*Task prompt*: Below are records with pictures; copy word for word only the lines between the line with "Implicit Differentiation Part" and the line with "Here's how you", inclusive, and drop the pictures.

*Given information*:
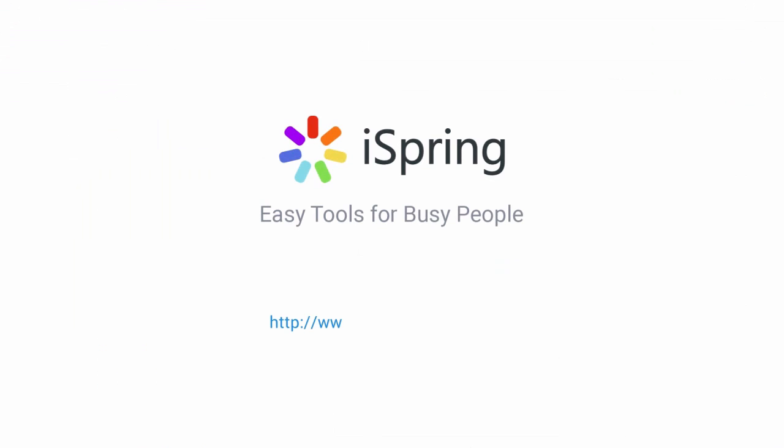Did you like this video? Give it a like and subscribe to the iSpring YouTube channel for more updates.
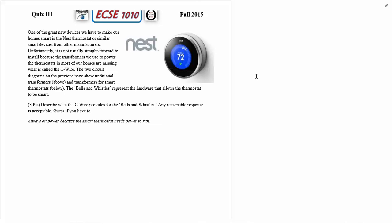The two circuit diagrams on the previous page show traditional transformers in the circuit above and the transformers for smart thermostats in the circuit below. The bells and whistles that you can connect to represent the hardware that allows the thermostat to be smart. So basically if you have a dumb thermostat you use the top circuit and if you have a smart thermostat use the bottom one.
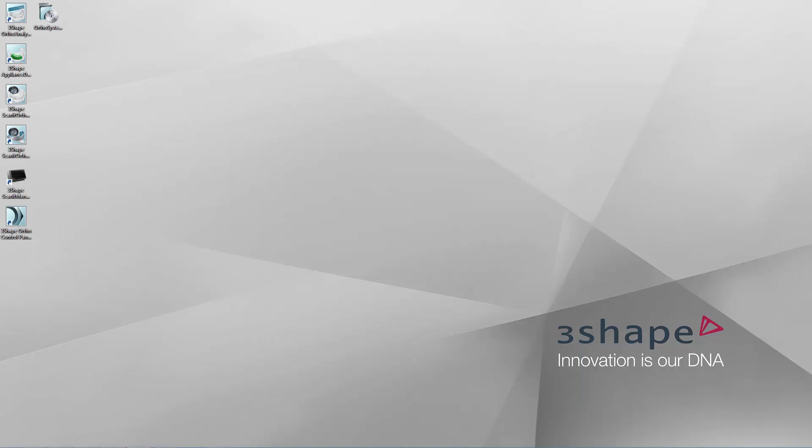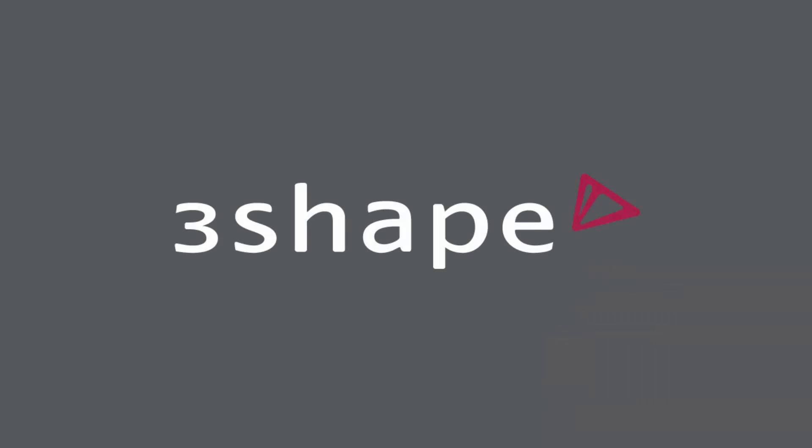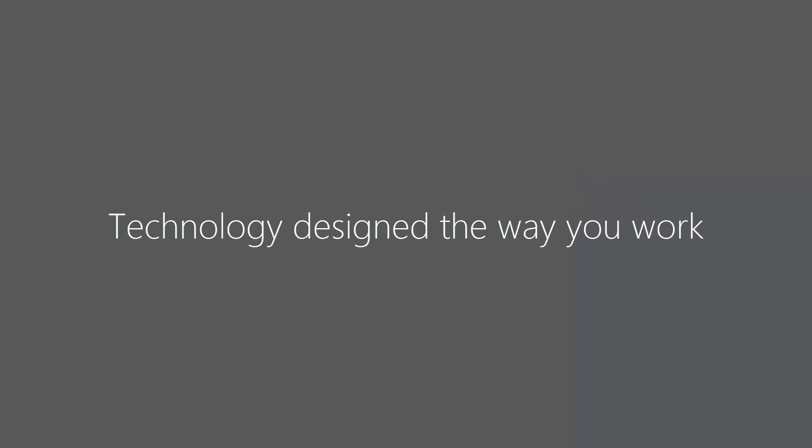Congratulations, you have successfully installed the Ortho software on a client PC. Now you may start working. In this video, you have learned how to install OrthoSystem 2015 on server and client PCs. We hope this was helpful and thank you for watching.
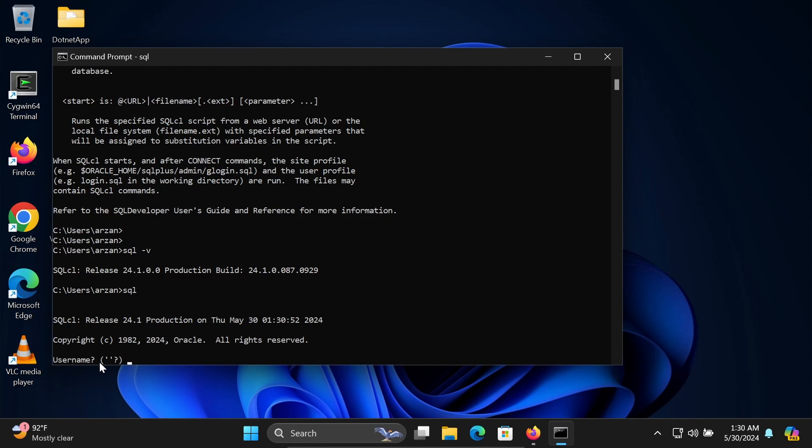Next, you need to give the username and password to connect with the database. This is how we can fix 'SQL is not recognized as an internal or external command.' I hope this video is helpful for you. Thanks for watching. See you next week. Thank you.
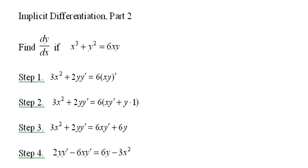Implicit Differentiation Part 2. Find dy/dx if x³ + y² = 6xy.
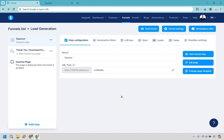Let's talk about how to remove the 'Powered by Systeme.io' branding. Keep in mind that this isn't available on the free plan — that's a reason you might want to upgrade. For me, I don't think it's that big of a deal, but if you're doing a lot of volume or if you think it's getting in the way, it's something you could consider doing.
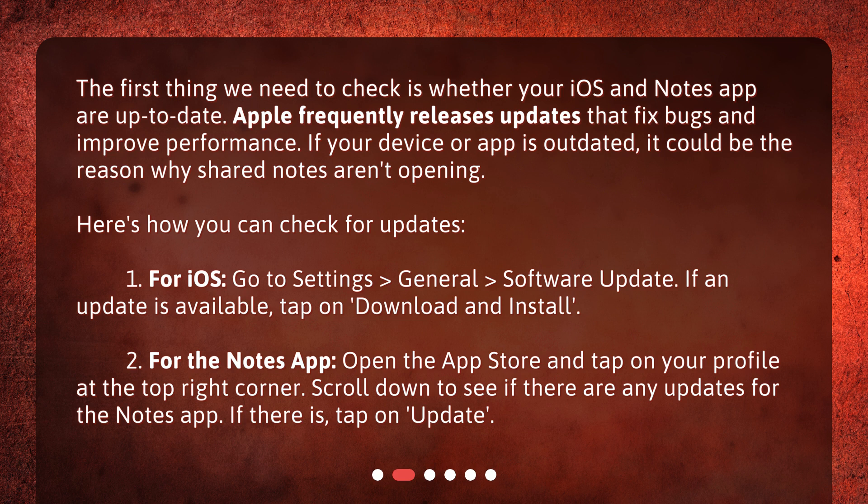Here's how you can check for updates. For iOS, go to Settings > General > Software Update. If an update is available, tap on Download and Install. For the Notes app, open the App Store and tap on your profile at the top right corner. Scroll down to see if there are any updates for the Notes app.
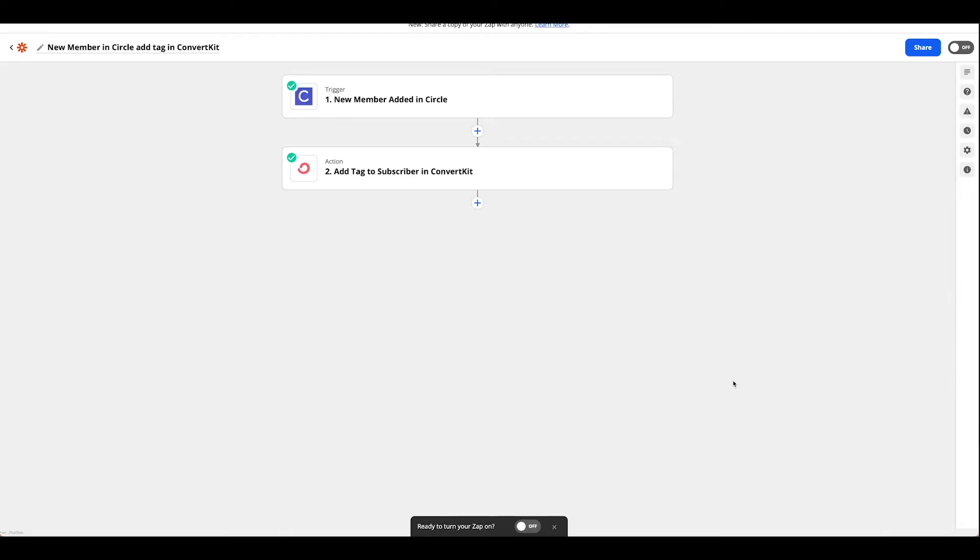Now that we have everything set up in ConvertKit so that when a new member joins Circle, we have a flow set up for them in ConvertKit. We need to somehow get them into that flow. That is where Zapier comes in.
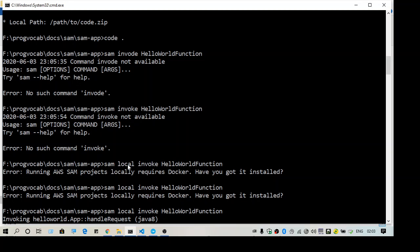...and you want to invoke it using the command 'sam local invoke' with your HelloWorld function, you may get an error. So how to fix it?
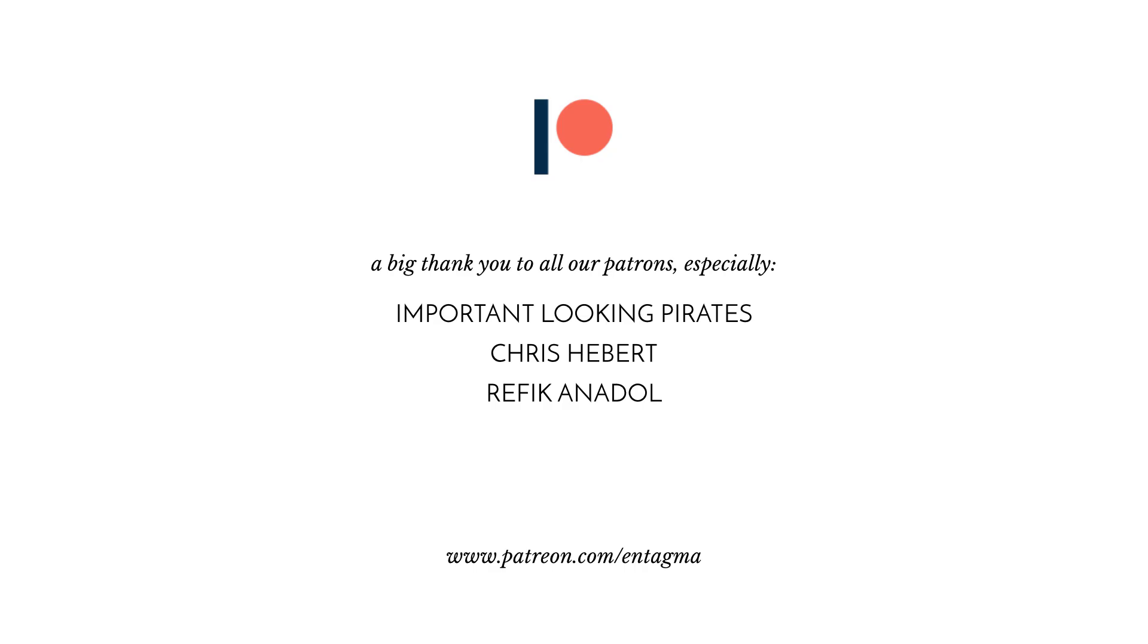If you like what we are doing, please consider becoming a patreon for supporting us and for access to more in-depth courses on topics like volume techniques or PDG or Vellum and more. To everybody who is already supporting us, thank you so much. Without your continuous support Entagma would not be possible. Thank you so much.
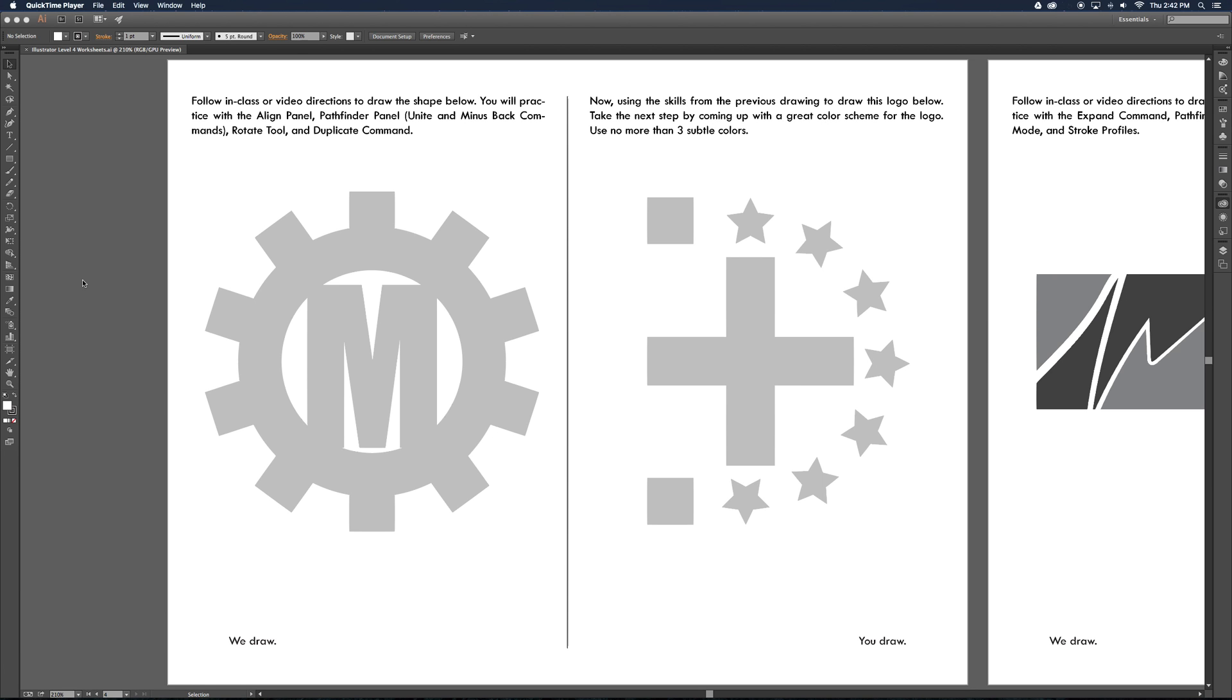For our first part of this worksheet for level 4 Communications Graphics class, we're going to take a look at these tools listed here in the directions. Those should serve as a clue for you of what we'll do: the Align panel, the Pathfinder panel including the Unite and Minus Back buttons, the Rotate tool, and the Duplicate command.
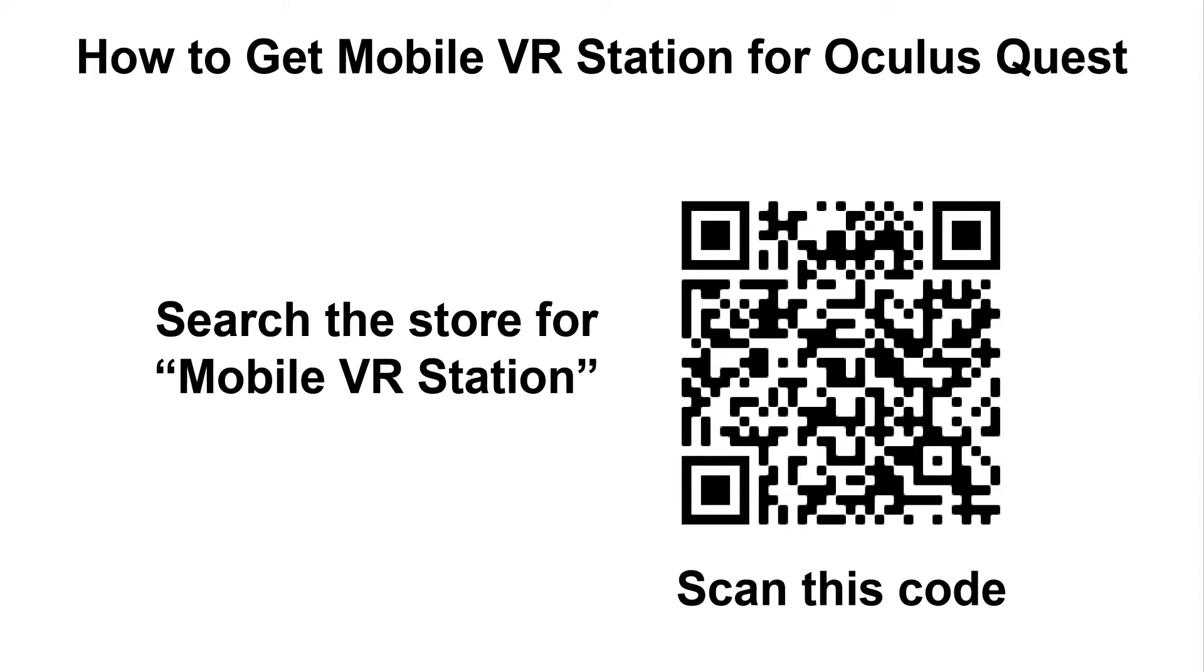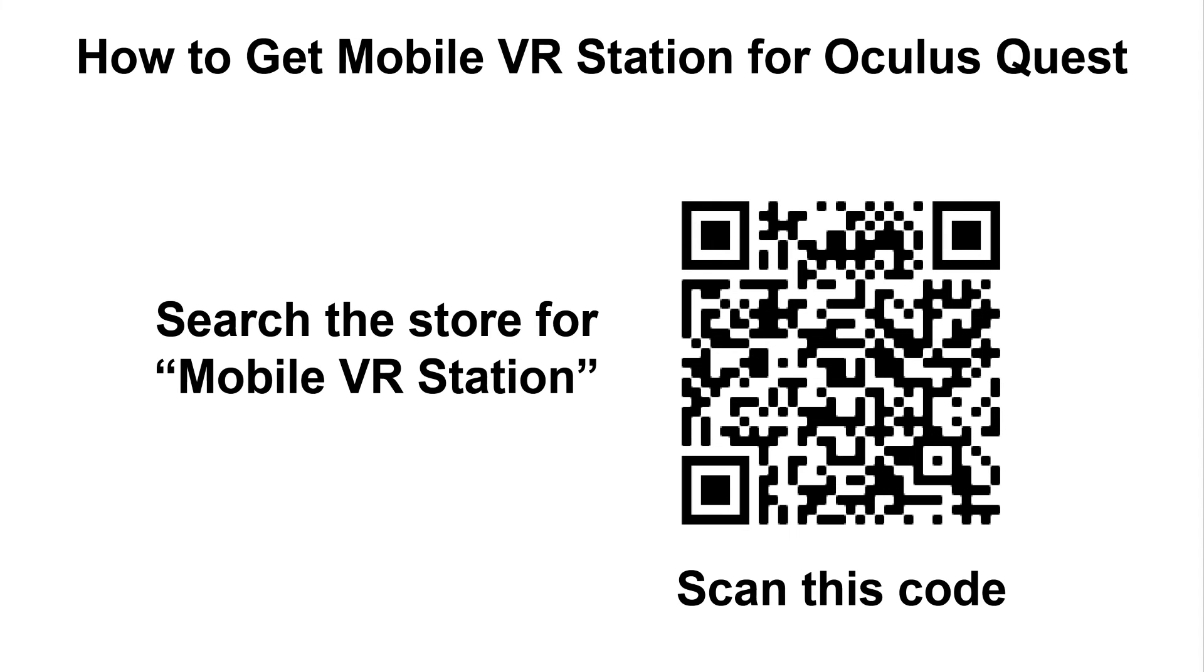Oh, and one last thing is in order to get Mobile VR Station for the Oculus Quest you either need to search the store for Mobile VR Station and you have to search for the whole phrase otherwise it won't show up, or scan this code which will take you to its store page. And this is because it's part of App Lab which is not part of the normal store flow, so you have to search for it in order to find it.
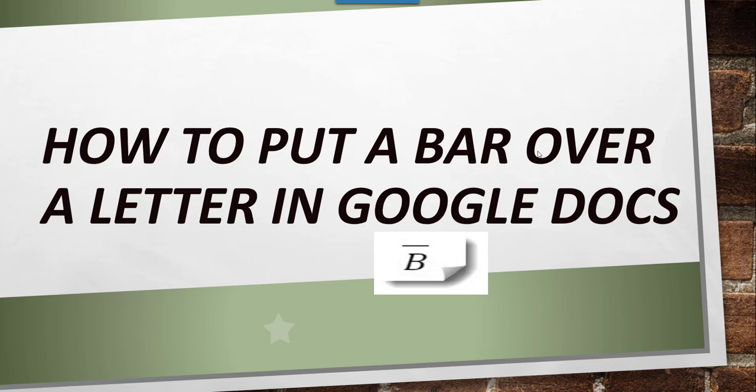Hello friends, today in this video I will show you how to put a bar over a letter in Google Docs. Now you can see in this example there is an A and on top of that there is a bar, right. So this is how we can present in Google Docs, that we will see as part of this video tutorial.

*Answer section*:
Implicit Differentiation Part 2. Find dy/dx if x³ + y² = 6xy.
Let's talk about how to remove the 'Powered by Systeme.io' branding. Keep in mind that this isn't available on the free plan — that's a reason you might want to upgrade. For me, I don't think it's that big of a deal, but if you're doing a lot of volume or if you think it's getting in the way, it's something you could consider doing.
Here's how you can check for updates. For iOS, go to Settings > General > Software Update. If an update is available, tap on Download and Install. For the Notes app, open the App Store and tap on your profile at the top right corner. Scroll down to see if there are any updates for the Notes app.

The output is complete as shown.